To evaluate the benefits of the reconfiguration controller, we need an application to extend its life by increasing its resilience. The use of benchmark circuits for FPGA seems to us to be conclusive. The prepared systems with the circuit and the controller must then be tested in a harsh environment. Therefore, we will use fault injection directly into the FPGA configuration memory to simulate such an environment accurately. Faults are injected by our fault injector tool [10], allowing us to target only the utilized part of LUTs. This approach significantly speeds up the FT evaluation, and simultaneously, the accuracy remains similar, which we verified in [11]. For managing experiments and subsequent data collection, we use the *Fault Tolerance ESTimation (FT-EST)* framework [12].

#### A. Evaluation Platform and Circuits

The resilience evaluation platform, FT-EST, must be adapted to test individual benchmark circuits on the current FPGA. For each system, it is necessary to set the appropriate criticality of its future environment. In terms of testing, a value of  $2 \times 10^{-5} \text{ inj/s/bit}$  was experimentally chosen, which is a reasonable compromise between the situation in the Earth's orbit and the time required to obtain a sufficient number of results to evaluate the experiments. The proposed approaches are verified on the Xilinx ML506 development board [13] equipped with FPGA from the Virtex-5 family (XC5VSX50TFF1136). The 16-bit onboard flash memory P30 from Intel (JS28F256P30T95) is used for memory with golden bitstreams. We selected circuits from the ITC'99 [14] benchmark set for testing.

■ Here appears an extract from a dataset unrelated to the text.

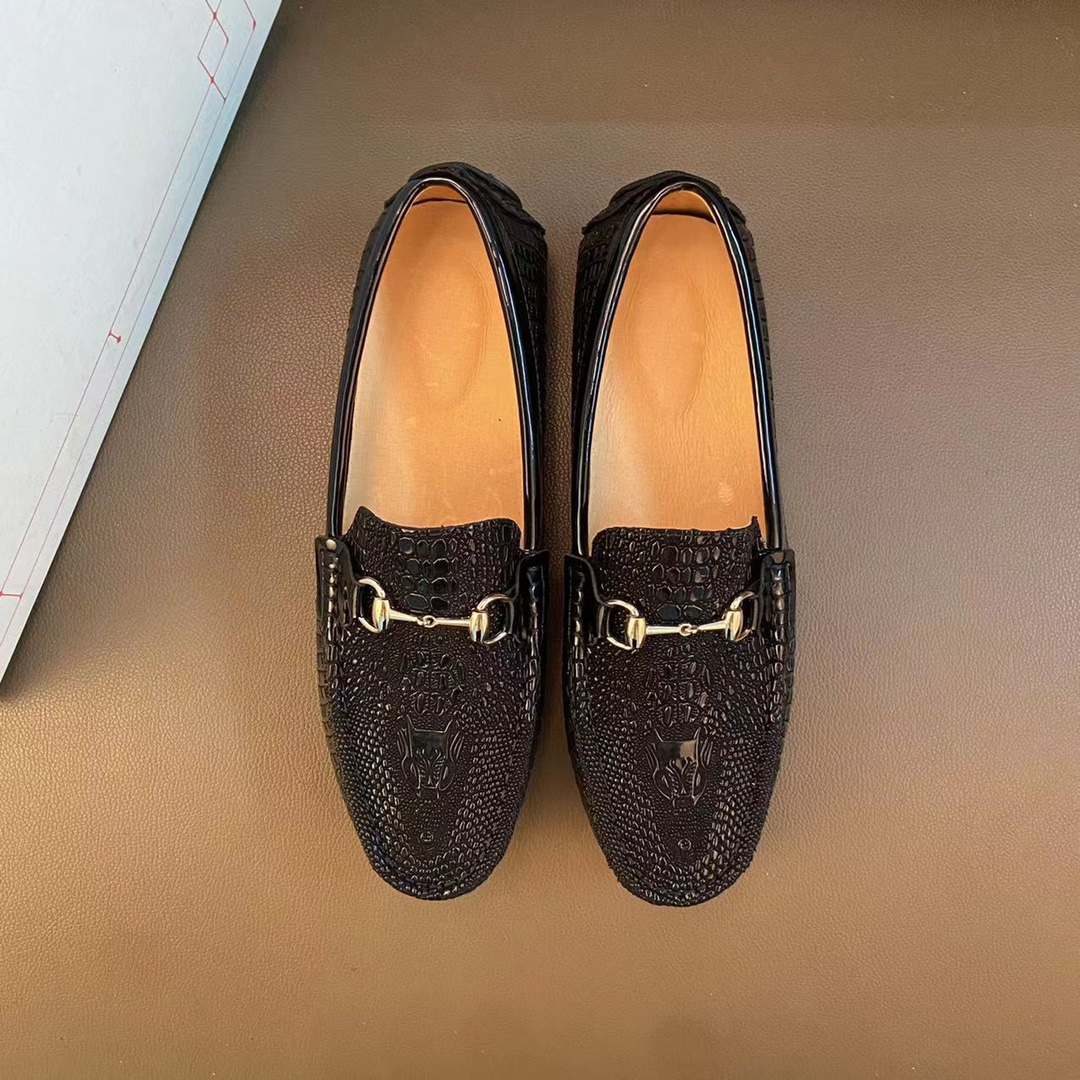 I5  高品质豆豆鞋😍 欧美大师设计简洁高档大气，专柜品质值得信赖，面料进口顶级牛皮 。😍 羊皮内里🐑 做工精细，专柜原版大底，上脚舒适百搭，潮男乐福专属定制，小 麦昆 Alexander McQueen  适合司机户外行车🚗 休闲鞋系列之首 男鞋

Specifically, we chose three circuits so that it was possible to evaluate the effect of their size on the resulting resilience of the entire system. The largest possible circuit synthesizable on an FPGA was chosen, i.e., b12 benchmark, a single-player game (guess a sequence). The second selected circuit is the smallest, i.e., b01, FSM that compares serial flows. B05, elaborating the contents of memory, is the last selected circuit because it has the average

TABLE II: Use of FPGA resources by benchmark circuits.

| Benchmark | LUT | FLOP_LATCH | CARRY |  |
|-----------|-----|------------|-------|--|
| b01       | 10  | 10         | -     |  |
| b05       | 182 | 36         | 521   |  |
| b12       | 279 | 141        | -     |  |

size among the previous ones. Table II summarizes the FPGA resource utilization by the selected circuit.

The prepared test systems with the RCs and the selected benchmark circuits have the following structure on the FPGA shown in Figure 2. Figure 2a shows a system with a simple controller, i.e., the benchmark circuit in TMR, the simple version of GPDRC, and the majority voter, which also detect a faulty module. In this case, each of the three PRMs with the entire benchmark circuit can be repaired separately. Figure 2b, on the other hand, shows a system with a self-repairing GPDRC in CGTMR. In addition to PRM with benchmark circuits, such a controller can also repair its modules. Thus, each of the three PRMs with the controller module and fault detection can be reconfigured separately. In this way, we prepared nine experimental systems to evaluate the benefits of our self-repairing RC. For each of the three selected benchmark circuits, which is always in TMR, three scenarios are prepared:

1) reference solution without RC,

2) with simple GPDRC,

3) with GPDRC in CGTMR (self-repair version).



(a) System with a simple controller.



(b) System with the controller in CGTMR with self-repair.

Figure 2: Schematic of the tested system on an FPGA.

#### **B.** Experimental Results

The results of the performed experiments are summarized in Table III for easy comparison, all with the same intensity of faults. The total *size* column is expressed in terms of the number of configuration memory bits identified as LUT configuration bits used for the system's function. The Mean Time Between Fault Injection (MTBFI) column shows the average time between each fault injection (FI) into the configuration memory. This time results from the size of the circuit and the fault intensity. The resulting system resilience is expressed in MTTF from all runs. The FT improvement column compares the resilience of both controllers' versions, always with benchmarks only in TMR without RC and between the versions with controllers against each other (values in parentheses). The column Mean FI into Failure shows how many injected faults cause the failure of the complete system and, thus, how well injected faults are masked regardless of circuit size. The last two columns compare the FI to Failure and the sizes of the entire test circuits, i.e., the cost of increasing resilience. There is always a comparison of the increase to the non-RC version and the simple controller version (in parentheses). The numbers of individual separate experimental runs for each of the nine combinations are given by the convergence of the results and are in the order of thousands.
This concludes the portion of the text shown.